### What the task asks
Take the entries that follow and return exactly the lines from the one holding "Sandro Paris Cotton" through the one holding "Pink royal court", both included. Nothing else is needed.

### Dataset records
-=-=-=-=-

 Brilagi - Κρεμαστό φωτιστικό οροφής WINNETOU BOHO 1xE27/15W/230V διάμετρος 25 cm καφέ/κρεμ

-=-=-=-=-

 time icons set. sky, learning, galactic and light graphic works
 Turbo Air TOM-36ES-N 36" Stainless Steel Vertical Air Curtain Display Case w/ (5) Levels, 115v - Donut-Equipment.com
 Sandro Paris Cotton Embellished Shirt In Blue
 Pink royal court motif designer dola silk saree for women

-=-=-=-=-

### The answer
 Sandro Paris Cotton Embellished Shirt In Blue
 Pink royal court motif designer dola silk saree for women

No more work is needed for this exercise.